## Given data
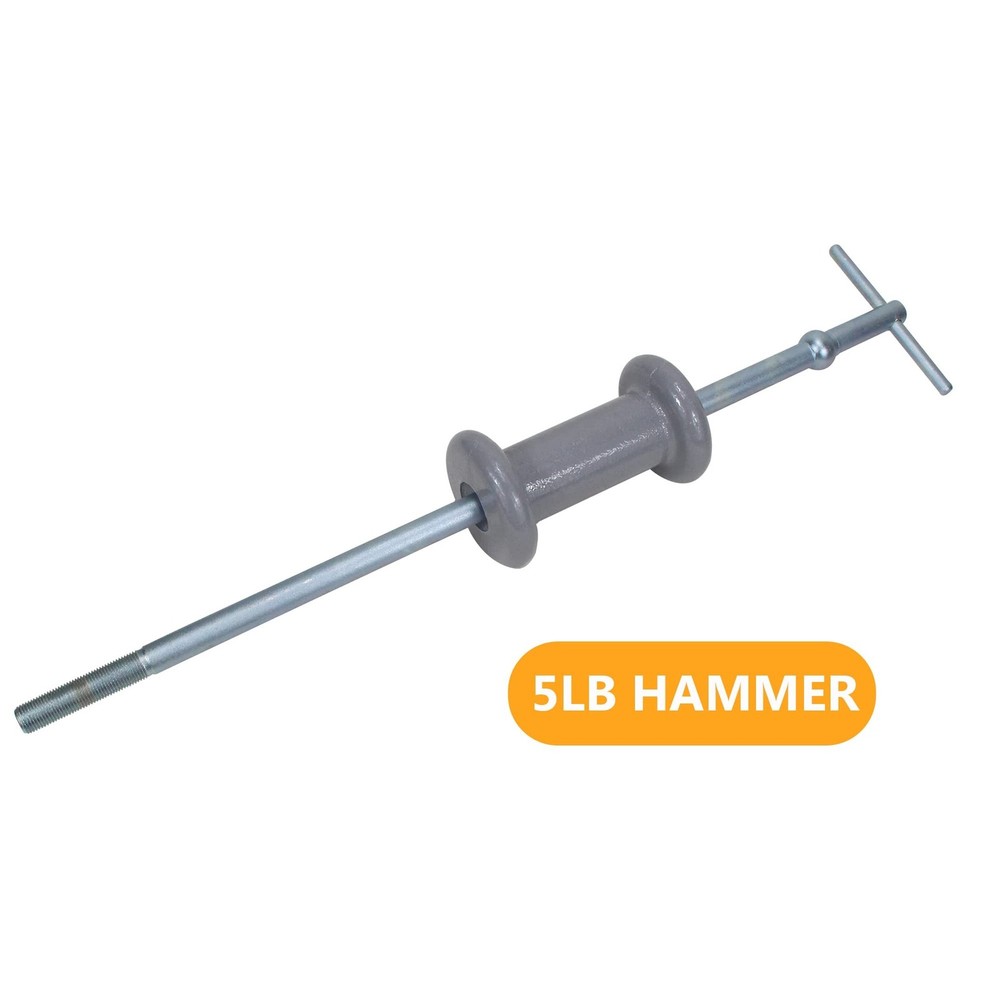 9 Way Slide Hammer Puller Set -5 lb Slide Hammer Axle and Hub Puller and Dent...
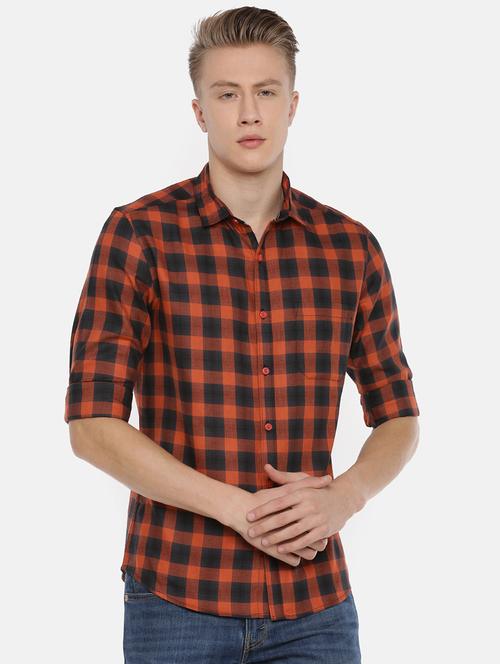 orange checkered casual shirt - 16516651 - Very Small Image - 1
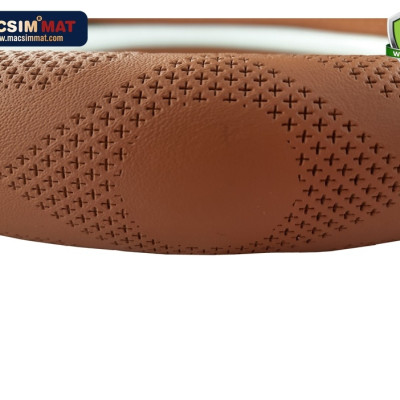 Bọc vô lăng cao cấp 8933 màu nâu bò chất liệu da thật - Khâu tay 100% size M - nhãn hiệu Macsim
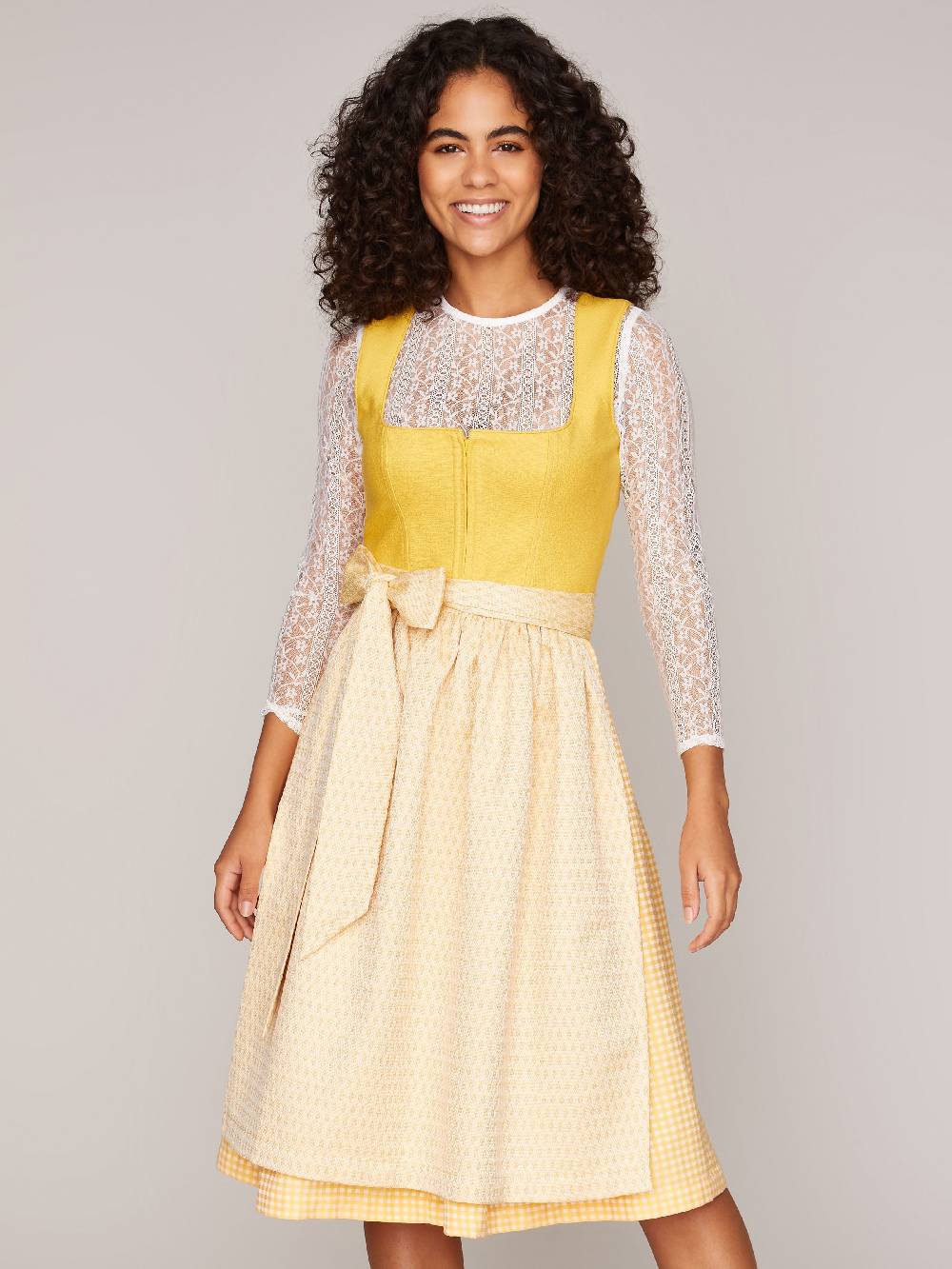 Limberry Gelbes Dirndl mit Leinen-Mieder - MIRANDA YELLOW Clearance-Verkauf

## Task
For this exercise, retype exactly, and only, the lines from the line with "orange checkered casual" through the last line of the material above, both included. Pictures stay out.

## Exercise solution
 orange checkered casual shirt - 16516651 - Very Small Image - 1
 Bọc vô lăng cao cấp 8933 màu nâu bò chất liệu da thật - Khâu tay 100% size M - nhãn hiệu Macsim
 Limberry Gelbes Dirndl mit Leinen-Mieder - MIRANDA YELLOW Clearance-Verkauf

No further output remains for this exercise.